Тяжелый дождь - Ace Diamond "Diamond Ace" 13 стр.


Я вообще не говорю в исповедальне. Я просто трахаю своих подруг.

Но становлюсь ли я всё более одиноким от того, что не налаживаю с ними прочный контакт?

Испытываю ли я положительные эмоции, когда Эмили раздирает мой лобок?

Иногда не нужно быть Демосфеном, чтобы заиметь человека. Прижать его к себе или поцеловать. Или дать в рот.

Полифоническое одиночество.

Ты знаешь, что можешь позвонить кому-либо, выпить пива с этим “кем-либо”, осуждая эвтаназию, или обсудить с “Другом” проблемы в постели. Всегда найдётся такой человек, который выслушает, даст нелепый совет, возомнив себя врачевателем искалеченных душ. Ты пожмёшь его руку, или же поцелуешь её. И всё. Ты заснёшь крепче прежнего, взбив гипертрофированную подушку своего эго и укрывшись грязным одеялом одиночества. Вселенная останется на месте.

Комната, в которой мы с Каталиной проведём ночь, похожа на тюремную камеру: узенькое окно, единственный источник света - люминесцентная картина с изображением Бруклинского моста, две узкие кровати, разделённые деревянной тумбочкой, на которой покоится старенький телевизор. Я - это часть натюрморта. Вязкое однообразие.

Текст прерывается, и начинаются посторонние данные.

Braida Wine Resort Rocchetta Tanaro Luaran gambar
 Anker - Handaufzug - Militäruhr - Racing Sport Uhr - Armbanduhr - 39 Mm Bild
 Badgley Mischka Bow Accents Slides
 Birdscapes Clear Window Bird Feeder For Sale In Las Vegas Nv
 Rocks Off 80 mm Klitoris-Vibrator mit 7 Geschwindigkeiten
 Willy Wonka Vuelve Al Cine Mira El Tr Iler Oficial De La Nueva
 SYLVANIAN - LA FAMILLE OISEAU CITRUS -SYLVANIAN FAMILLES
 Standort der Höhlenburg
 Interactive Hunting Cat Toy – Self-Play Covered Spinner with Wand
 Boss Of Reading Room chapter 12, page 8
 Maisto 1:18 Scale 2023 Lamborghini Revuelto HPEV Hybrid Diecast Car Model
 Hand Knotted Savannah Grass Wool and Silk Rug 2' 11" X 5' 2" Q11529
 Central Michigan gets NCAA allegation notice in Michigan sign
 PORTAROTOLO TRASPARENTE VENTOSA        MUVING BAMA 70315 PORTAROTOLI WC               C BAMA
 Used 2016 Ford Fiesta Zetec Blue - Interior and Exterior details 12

Стены испещрены надписями, сделанными маркерами, ключами. Тем, чем можно оставить отметину.

“Я видел Бога”

“Там, где сотни рек, текущих вспять”

“Во мне что-то живёт. Что-то пожирает меня изнутри”

Рекурсия.

Четыре пустых стены. Тысячи затёртых книг, с помощью которых ты воссоздаёшь миры, всецело поглощающие тебя и твои рефлексии. Сотни исцарапанных дисков, пересмотренных до глазного геморроя. Братья и сёстры, в компании которых ты находишь диалог. Зачем нужны партнёры, если можно выделить специальный день для мастурбации? Миллионы аксессуаров в отсутствии наряда. Уныние не разбивается о стены, но отражается от них. И каждый новый инсайт, каждое осознание собственной ненужности - плевок в копилку одиночества.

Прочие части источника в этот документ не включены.